Items from a dataset
###

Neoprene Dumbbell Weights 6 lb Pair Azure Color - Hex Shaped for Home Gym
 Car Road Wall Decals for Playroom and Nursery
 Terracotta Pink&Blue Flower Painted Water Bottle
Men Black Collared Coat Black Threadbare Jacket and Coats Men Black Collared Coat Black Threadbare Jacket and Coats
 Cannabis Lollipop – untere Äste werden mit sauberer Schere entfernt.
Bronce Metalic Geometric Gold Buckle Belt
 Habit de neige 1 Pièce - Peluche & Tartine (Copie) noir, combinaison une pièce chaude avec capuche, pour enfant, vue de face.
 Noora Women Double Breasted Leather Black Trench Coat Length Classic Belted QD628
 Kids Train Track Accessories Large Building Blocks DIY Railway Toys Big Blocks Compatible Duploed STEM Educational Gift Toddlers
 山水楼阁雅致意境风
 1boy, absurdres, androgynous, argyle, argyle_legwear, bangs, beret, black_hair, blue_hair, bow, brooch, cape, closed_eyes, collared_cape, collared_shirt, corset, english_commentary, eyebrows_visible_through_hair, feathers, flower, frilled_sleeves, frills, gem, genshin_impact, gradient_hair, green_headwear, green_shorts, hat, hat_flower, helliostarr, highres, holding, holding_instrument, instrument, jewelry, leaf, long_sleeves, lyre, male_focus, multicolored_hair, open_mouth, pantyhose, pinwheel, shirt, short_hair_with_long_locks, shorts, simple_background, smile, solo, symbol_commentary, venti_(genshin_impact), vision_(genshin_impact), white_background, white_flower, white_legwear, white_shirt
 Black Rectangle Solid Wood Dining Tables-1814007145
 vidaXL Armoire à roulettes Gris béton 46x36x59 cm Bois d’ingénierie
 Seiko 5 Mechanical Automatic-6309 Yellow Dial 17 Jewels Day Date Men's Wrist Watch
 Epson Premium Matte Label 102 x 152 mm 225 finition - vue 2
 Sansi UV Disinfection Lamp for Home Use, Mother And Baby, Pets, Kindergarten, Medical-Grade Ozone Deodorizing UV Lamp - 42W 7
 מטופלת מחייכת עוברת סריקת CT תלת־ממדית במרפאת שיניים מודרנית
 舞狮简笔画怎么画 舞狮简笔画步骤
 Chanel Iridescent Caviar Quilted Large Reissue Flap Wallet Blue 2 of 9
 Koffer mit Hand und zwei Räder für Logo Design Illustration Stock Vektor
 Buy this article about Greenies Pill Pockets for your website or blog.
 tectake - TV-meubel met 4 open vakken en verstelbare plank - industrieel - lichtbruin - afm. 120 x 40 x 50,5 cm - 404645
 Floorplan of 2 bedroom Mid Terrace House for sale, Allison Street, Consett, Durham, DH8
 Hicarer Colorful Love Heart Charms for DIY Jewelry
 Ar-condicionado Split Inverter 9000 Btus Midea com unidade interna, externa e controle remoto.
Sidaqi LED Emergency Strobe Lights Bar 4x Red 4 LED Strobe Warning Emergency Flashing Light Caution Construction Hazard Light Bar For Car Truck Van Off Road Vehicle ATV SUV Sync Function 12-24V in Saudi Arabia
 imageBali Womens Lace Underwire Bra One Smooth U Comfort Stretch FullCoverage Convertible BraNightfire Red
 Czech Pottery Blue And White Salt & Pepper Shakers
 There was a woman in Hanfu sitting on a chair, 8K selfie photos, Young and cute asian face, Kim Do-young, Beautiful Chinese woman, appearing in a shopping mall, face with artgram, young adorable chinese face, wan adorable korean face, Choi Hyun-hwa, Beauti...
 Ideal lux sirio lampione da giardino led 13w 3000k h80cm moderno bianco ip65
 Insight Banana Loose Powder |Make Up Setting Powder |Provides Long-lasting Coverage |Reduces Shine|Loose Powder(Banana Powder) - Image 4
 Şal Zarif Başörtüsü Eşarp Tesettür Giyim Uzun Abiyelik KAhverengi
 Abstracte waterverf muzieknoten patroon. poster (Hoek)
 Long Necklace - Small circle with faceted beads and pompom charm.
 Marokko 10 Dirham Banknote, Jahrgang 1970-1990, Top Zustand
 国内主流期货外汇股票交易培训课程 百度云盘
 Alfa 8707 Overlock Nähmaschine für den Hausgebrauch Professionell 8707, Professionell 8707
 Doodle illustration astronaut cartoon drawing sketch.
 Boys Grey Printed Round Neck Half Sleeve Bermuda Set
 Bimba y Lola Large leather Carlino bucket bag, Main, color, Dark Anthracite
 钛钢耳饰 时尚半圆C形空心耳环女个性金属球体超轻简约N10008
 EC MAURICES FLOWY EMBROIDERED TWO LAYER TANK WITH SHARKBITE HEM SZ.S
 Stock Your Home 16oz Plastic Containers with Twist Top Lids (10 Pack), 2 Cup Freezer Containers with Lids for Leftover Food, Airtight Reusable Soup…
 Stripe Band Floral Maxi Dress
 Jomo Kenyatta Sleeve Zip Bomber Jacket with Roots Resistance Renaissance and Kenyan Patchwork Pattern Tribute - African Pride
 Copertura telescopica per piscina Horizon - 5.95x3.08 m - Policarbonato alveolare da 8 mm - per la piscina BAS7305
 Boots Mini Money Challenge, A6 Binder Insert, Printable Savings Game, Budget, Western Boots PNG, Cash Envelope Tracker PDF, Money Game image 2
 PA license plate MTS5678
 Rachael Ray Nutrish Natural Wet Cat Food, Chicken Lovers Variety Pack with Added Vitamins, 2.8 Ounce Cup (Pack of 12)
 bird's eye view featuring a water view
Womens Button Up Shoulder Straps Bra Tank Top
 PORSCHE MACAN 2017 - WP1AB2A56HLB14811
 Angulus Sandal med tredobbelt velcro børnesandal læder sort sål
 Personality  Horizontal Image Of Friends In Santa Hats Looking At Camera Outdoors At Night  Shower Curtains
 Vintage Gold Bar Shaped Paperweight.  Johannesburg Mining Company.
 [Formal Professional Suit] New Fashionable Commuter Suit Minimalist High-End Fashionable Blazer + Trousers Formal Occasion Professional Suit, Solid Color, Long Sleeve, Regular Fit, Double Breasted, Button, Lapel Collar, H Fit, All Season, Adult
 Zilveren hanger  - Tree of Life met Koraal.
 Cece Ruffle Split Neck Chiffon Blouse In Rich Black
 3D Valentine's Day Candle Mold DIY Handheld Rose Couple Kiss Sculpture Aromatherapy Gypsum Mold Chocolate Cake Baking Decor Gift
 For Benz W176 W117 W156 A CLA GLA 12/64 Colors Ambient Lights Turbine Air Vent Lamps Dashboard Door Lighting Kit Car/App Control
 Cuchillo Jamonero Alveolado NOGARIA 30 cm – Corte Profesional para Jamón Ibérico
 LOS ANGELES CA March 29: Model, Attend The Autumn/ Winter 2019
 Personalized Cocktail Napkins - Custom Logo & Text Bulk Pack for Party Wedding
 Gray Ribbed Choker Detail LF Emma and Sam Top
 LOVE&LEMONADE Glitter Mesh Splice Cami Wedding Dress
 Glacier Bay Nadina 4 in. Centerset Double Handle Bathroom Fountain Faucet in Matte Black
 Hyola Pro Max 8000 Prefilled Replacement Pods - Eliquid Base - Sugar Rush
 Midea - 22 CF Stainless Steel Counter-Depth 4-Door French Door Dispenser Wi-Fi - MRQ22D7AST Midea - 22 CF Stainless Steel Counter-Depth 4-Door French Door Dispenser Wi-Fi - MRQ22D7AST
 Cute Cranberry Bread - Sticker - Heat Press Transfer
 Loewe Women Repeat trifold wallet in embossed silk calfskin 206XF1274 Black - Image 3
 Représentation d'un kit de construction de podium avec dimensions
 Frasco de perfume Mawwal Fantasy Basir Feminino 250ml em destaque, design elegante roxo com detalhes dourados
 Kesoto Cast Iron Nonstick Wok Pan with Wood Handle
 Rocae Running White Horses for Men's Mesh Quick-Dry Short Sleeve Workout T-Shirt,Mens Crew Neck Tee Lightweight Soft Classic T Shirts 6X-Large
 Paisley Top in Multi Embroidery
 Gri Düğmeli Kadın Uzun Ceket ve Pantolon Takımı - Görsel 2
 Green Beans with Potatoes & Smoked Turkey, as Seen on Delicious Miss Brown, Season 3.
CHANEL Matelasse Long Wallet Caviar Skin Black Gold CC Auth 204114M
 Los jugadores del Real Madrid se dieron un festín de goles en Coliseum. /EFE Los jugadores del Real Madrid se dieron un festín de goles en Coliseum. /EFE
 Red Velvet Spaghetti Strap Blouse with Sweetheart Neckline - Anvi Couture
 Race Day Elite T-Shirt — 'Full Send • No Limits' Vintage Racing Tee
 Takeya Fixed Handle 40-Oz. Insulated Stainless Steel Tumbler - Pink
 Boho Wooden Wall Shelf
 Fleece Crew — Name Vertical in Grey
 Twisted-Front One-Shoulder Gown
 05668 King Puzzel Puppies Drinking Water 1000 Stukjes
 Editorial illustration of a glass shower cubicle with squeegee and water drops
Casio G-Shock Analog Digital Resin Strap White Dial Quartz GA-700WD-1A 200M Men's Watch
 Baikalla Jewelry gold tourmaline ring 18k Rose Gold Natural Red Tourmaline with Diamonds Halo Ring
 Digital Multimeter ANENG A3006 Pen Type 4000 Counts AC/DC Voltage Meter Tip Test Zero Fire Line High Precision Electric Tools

###

### Problem statement
Lines from the top of the data above through the line containing "Men Black Collared Coat Black Threadbare Jacket and Coats Men" must be repeated exactly. All other lines stay out.

### Result
Neoprene Dumbbell Weights 6 lb Pair Azure Color - Hex Shaped for Home Gym
 Car Road Wall Decals for Playroom and Nursery
 Terracotta Pink&Blue Flower Painted Water Bottle
Men Black Collared Coat Black Threadbare Jacket and Coats Men Black Collared Coat Black Threadbare Jacket and Coats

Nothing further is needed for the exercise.